There are a few restrictions on how this set is used:
its size is read from a configuration file and won't change during execution
it can be viewed as a big two dimensional array of N (e.g. 1 000 000) lines and 6 columns (each one storing the coordinate in one dimension)
the array is manipulated in a big loop, each "particle / line" is accessed and computation takes place with its coordinates, and the results are stored back for this particle, and so on for each particle, and so on for each iteration of the big loop.
no new elements are added or deleted during the execution
First conclusion, as the access on the elements is essentially done by accessing each element one by one with [], I think that I should use a normal dynamic array.
I have explored a few things, and I would like to have your opinion on the one that can give me the best performances.
As I understand there is no advantage to use a dynamically allocated array instead of a std::vector, so things like double** array2d = new ..., loop of new, etc are ruled out.
So is it a good idea to use std::vector<double> ?
If I use a std::vector, should I create a two dimensional array like std::vector<std::vector<double> > my_array that can be indexed like my_array[i][j], or is it a bad idea and it would be better to use std::vector<double> other_array and acces it with other_array[6*i+j].
Maybe this can gives better performance, especially as the number of columns is fixed and known from the beginning.
If you think that this is the best option, would it be possible to wrap this vector in a way that it can be accessed with a index operator defined as other_array[i,j] // same as other_array[6*i+j] without overhead (like function call at each access) ?
Another option, the one that I am using so far is to use Blitz, in particular blitz::Array:
typedef blitz::Array<double,TWO_DIMENSIONS> store_t;
store_t my_store;
Where my elements are accessed like that: my_store(line, column);.
I think there are not much advantage to use Blitz in my case because I am accessing each element one by one and that Blitz would be interesting if I was using operations directly on array (like matrix multiplication) which I am not.
Do you think that Blitz is OK, or is it useless in my case ?
These are the possibilities I have considered so far, but maybe the best one I still another one, so don't hesitate to suggest me other things.
Thanks a lot for your help on this problem !
Edit:
From the very interesting answers and comments bellow a good solution seems to be the following:
Use a structure particle (containing 6 doubles) or a static array of 6 doubles (this avoid the use of two dimensional dynamic arrays)
Use a vector or a deque of this particle structure or array. It is then good to traverse them with iterators, and that will allow to change from one to another later.
In addition I can also use a Blitz::TinyVector<double,6> instead of a structure.
So is it a good idea to use std::vector<double> ?

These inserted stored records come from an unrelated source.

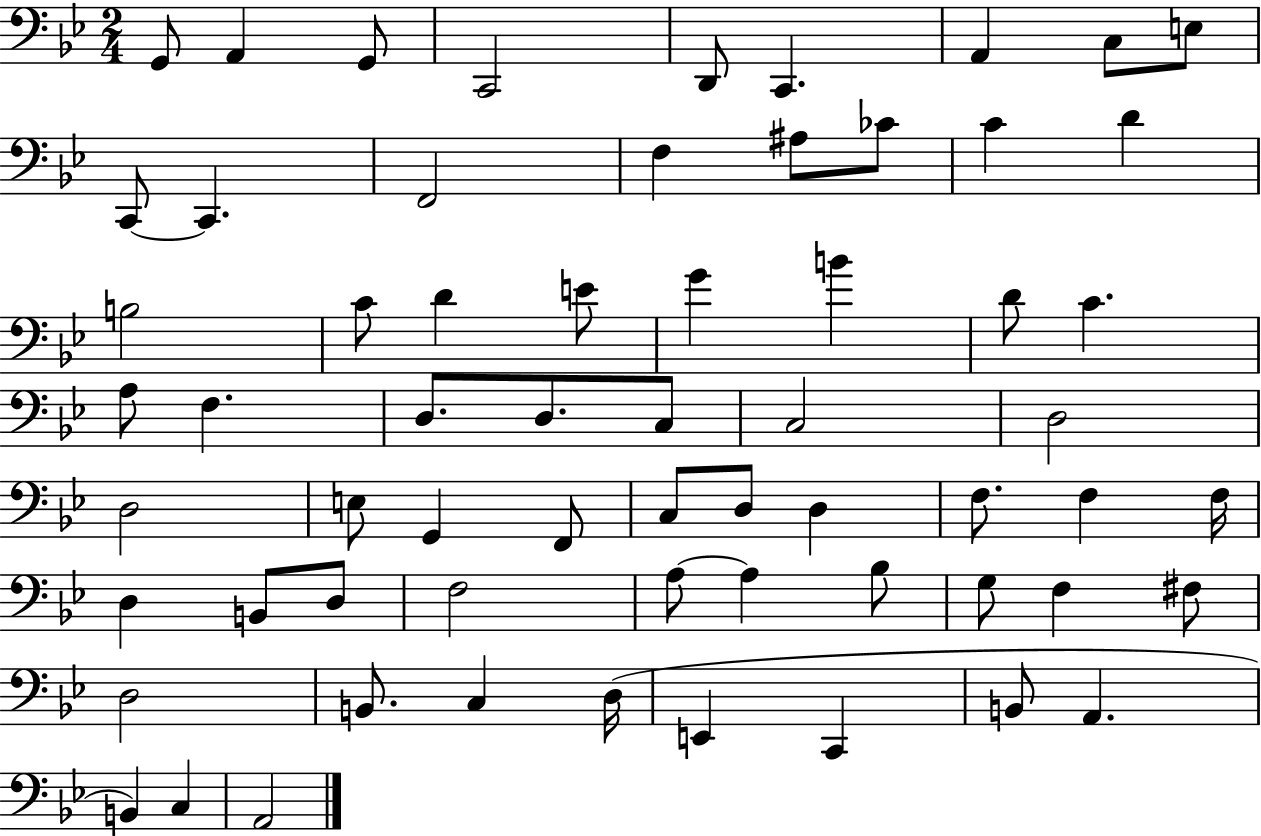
X:1
T:Untitled
M:2/4
L:1/4
K:Bb
G,,/2 A,, G,,/2 C,,2 D,,/2 C,, A,, C,/2 E,/2 C,,/2 C,, F,,2 F, ^A,/2 _C/2 C D B,2 C/2 D E/2 G B D/2 C A,/2 F, D,/2 D,/2 C,/2 C,2 D,2 D,2 E,/2 G,, F,,/2 C,/2 D,/2 D, F,/2 F, F,/4 D, B,,/2 D,/2 F,2 A,/2 A, _B,/2 G,/2 F, ^F,/2 D,2 B,,/2 C, D,/4 E,, C,, B,,/2 A,, B,, C, A,,2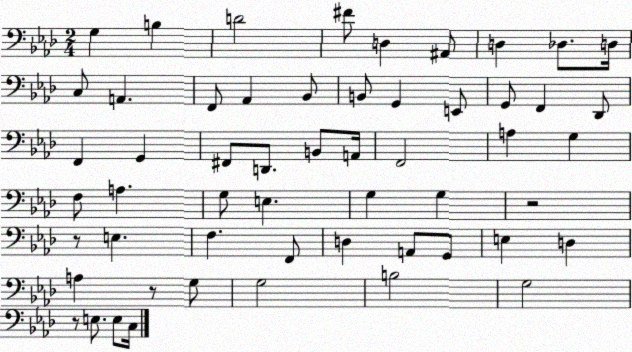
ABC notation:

X:1
T:Untitled
M:2/4
L:1/4
K:Ab
G, B, D2 ^F/2 D, ^A,,/2 D, _D,/2 D,/4 C,/2 A,, F,,/2 _A,, _B,,/2 B,,/2 G,, E,,/2 G,,/2 F,, _D,,/2 F,, G,, ^F,,/2 D,,/2 B,,/2 A,,/4 F,,2 A, G, F,/2 A, G,/2 E, G, G, z2 z/2 E, F, F,,/2 D, A,,/2 G,,/2 E, D, A, z/2 G,/2 G,2 B,2 G,2 z/2 E,/2 E,/2 C,/4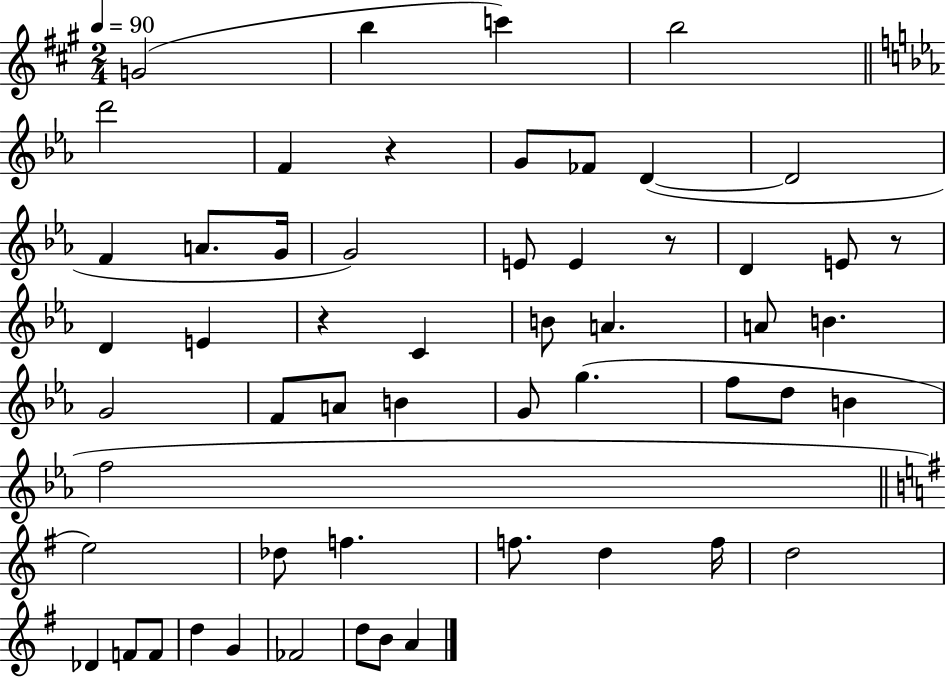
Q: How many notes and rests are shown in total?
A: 55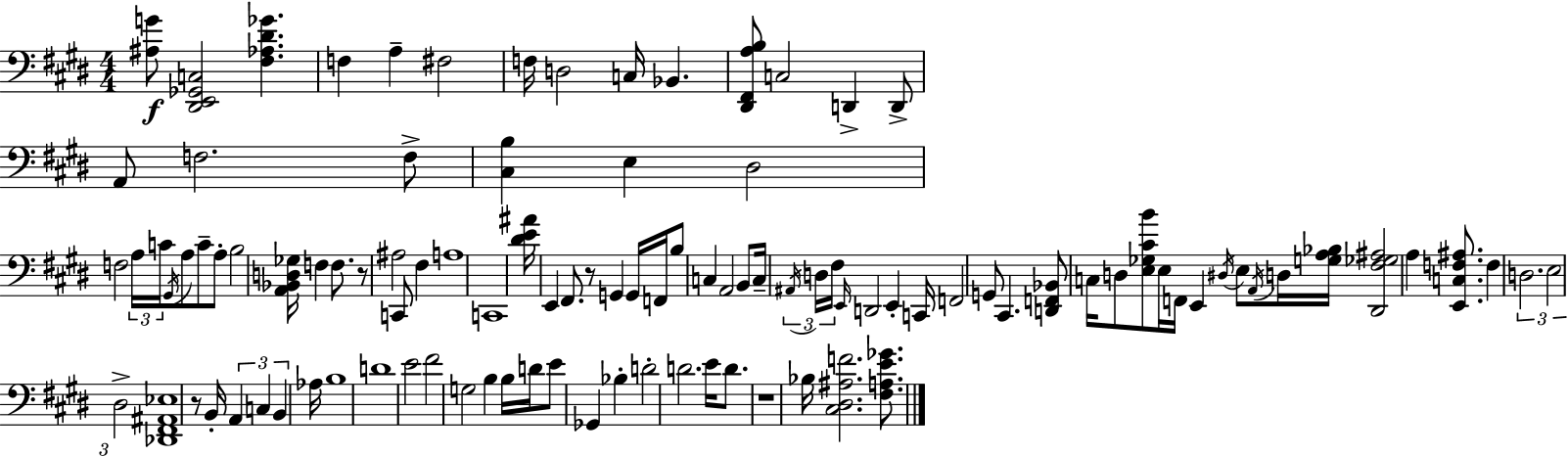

Usually, a std::vector should be the first choice of container. You could use either std::vector<>::reserve() or std::vector<>::resize() to avoid reallocations while populating the vector. Whether any other container is better can be found by measuring. And only by measuring. But first measure whether anything the container is involved in (populating, accessing elements) is worth optimizing at all.
If I use a std::vector, should I create a two dimensional array like std::vector<std::vector<double> > [...]?
No. IIUC, you are accessing your data per particle, not per row. If that's the case, why not use a std::vector<particle>, where particle is a struct holding six values? And even if I understood incorrectly, you should rather write a two-dimensional wrapper around a one-dimensional container. Then align your data either in rows or columns - what ever is faster with your access patterns.
Do you think that Blitz is OK, or is it useless in my case?
I have no practical knowledge about blitz++ and the areas it is used in. But isn't blitz++ all about expression templates to unroll loop operations and optimizing away temporaries when doing matrix manipulations? ICBWT.
First of all, you don't want to scatter the coordinates of one given particle all over the place, so I would begin by writing a simple struct:
struct Particle { /* coords */ };
Then we can make a simple one dimensional array of these Particles.
I would probably use a deque, because that's the default container, but you may wish to try a vector, it's just that 1.000.000 of particles means about a single chunk of a few MBs. It should hold but it might strain your system if this ever grows, while the deque will allocate several chunks.
WARNING:
As Alexandre C remarked, if you go the deque road, refrain from using operator[] and prefer to use iteration style. If you really need random access and it's performance sensitive, the vector should prove faster.
The first rule when choosing from containers is to use std::vector. Then, only after your code is complete and you can actually measure performance, you can try other containers. But stick to vector first. (And use reserve() from the start)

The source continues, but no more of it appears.